## THE PROBLEM
Go through the listing below and repeat it exactly, dropping the pictures.
==== DATA BLOCK ====
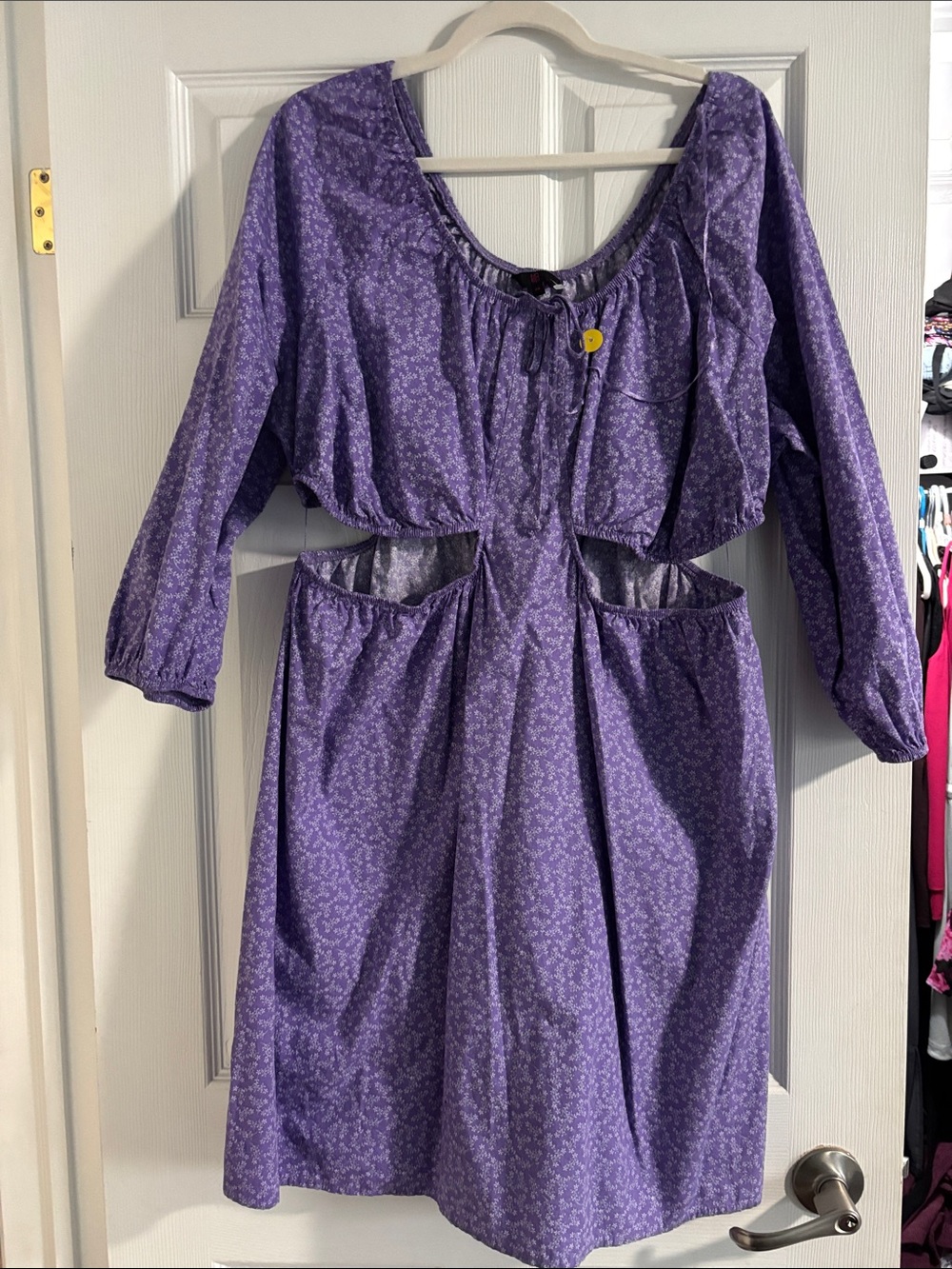NOBO Purple Floral Cutout Dress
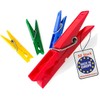 Siluk Clothes Pegs Plastic Coloured (50)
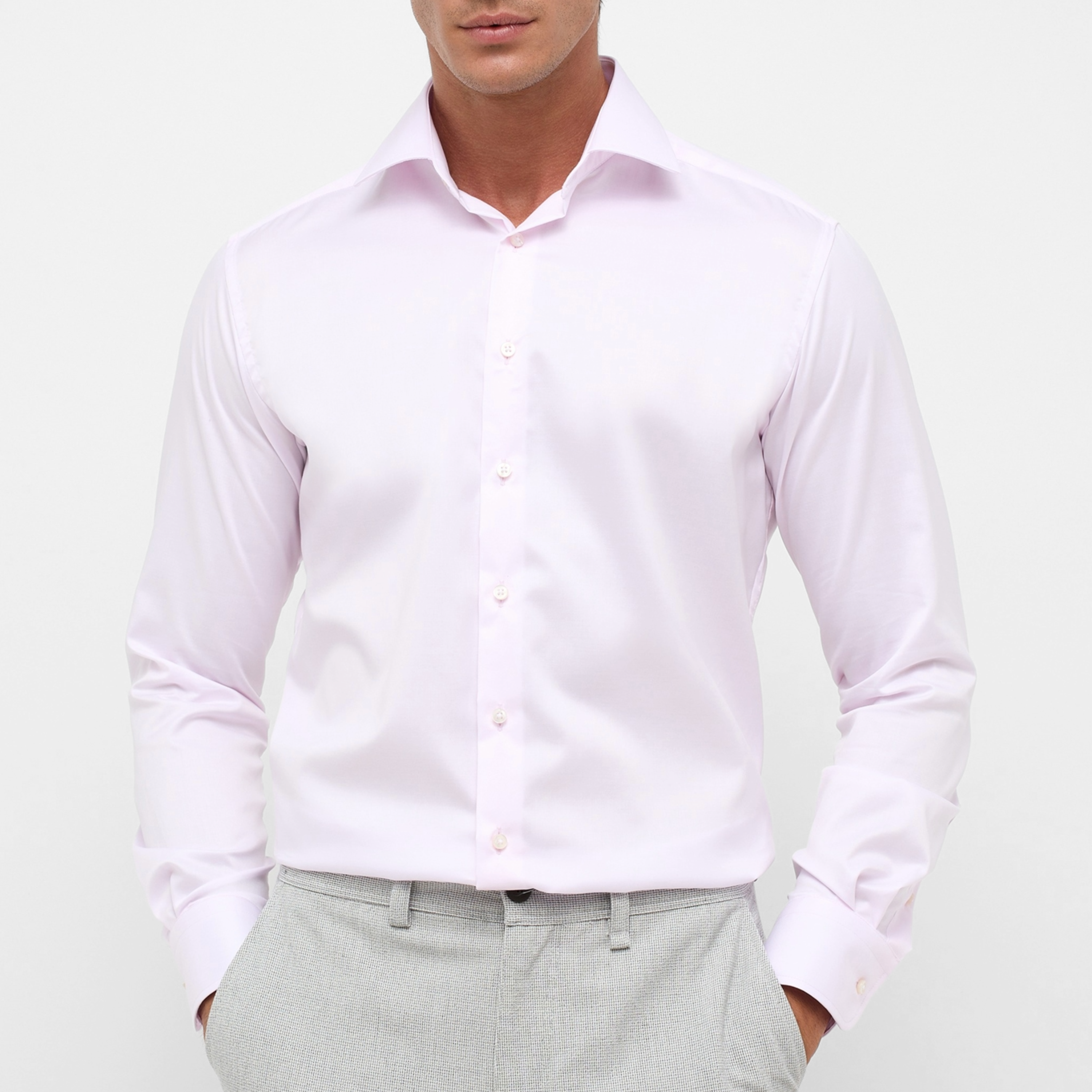 Eterna 1863 Pure Cotton Non-Iron Shirt - Pink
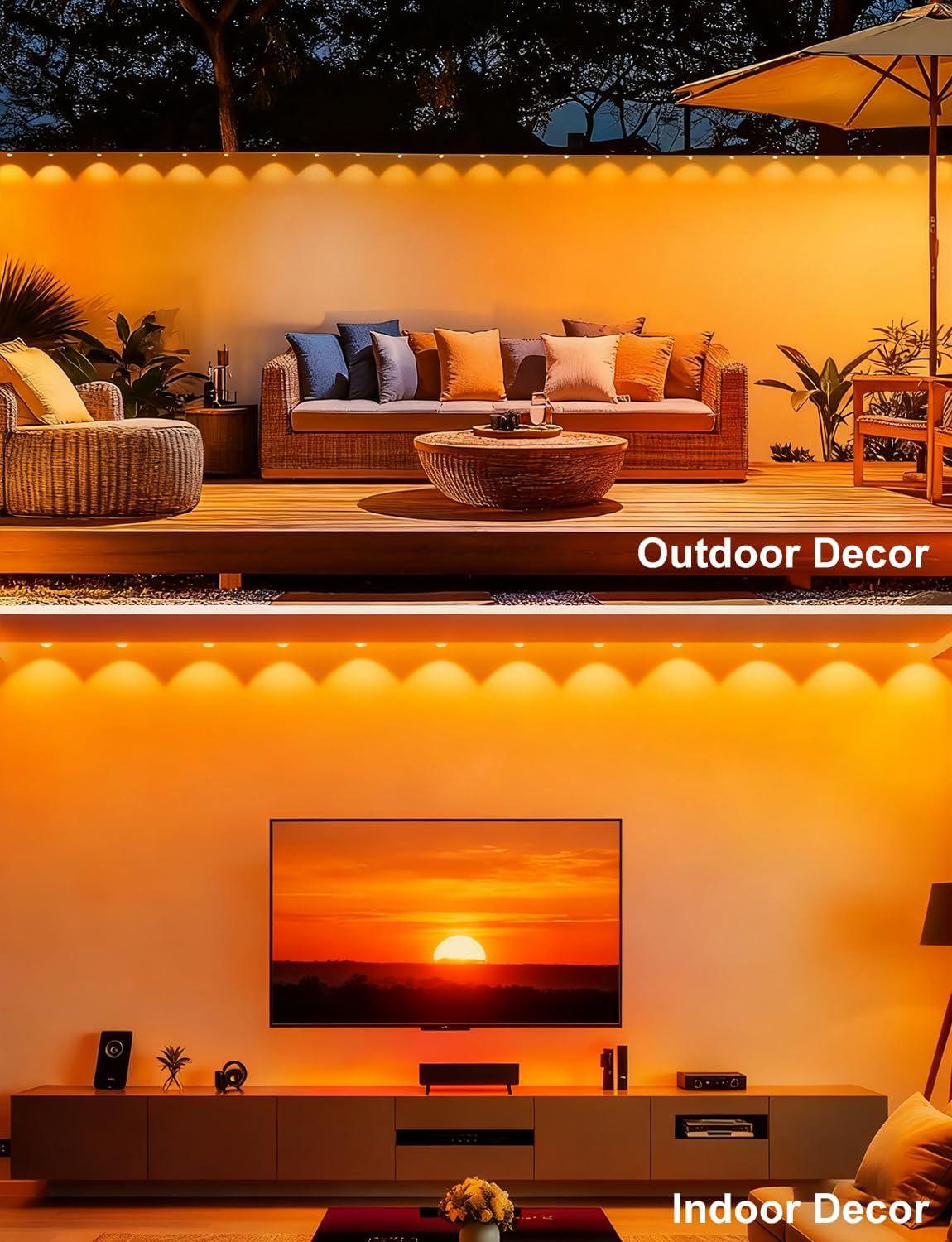 200FT Permanent Outdoor Lights, 120 LED Smart RGB&IC Outdoor Eave Lights with App/Remote, 209 Scene Modes, IP67 Waterproof Outside Light for House Party Christmas Decor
====
## OUTPUT BELOW
NOBO Purple Floral Cutout Dress
 Siluk Clothes Pegs Plastic Coloured (50)
 Eterna 1863 Pure Cotton Non-Iron Shirt - Pink
 200FT Permanent Outdoor Lights, 120 LED Smart RGB&IC Outdoor Eave Lights with App/Remote, 209 Scene Modes, IP67 Waterproof Outside Light for House Party Christmas Decor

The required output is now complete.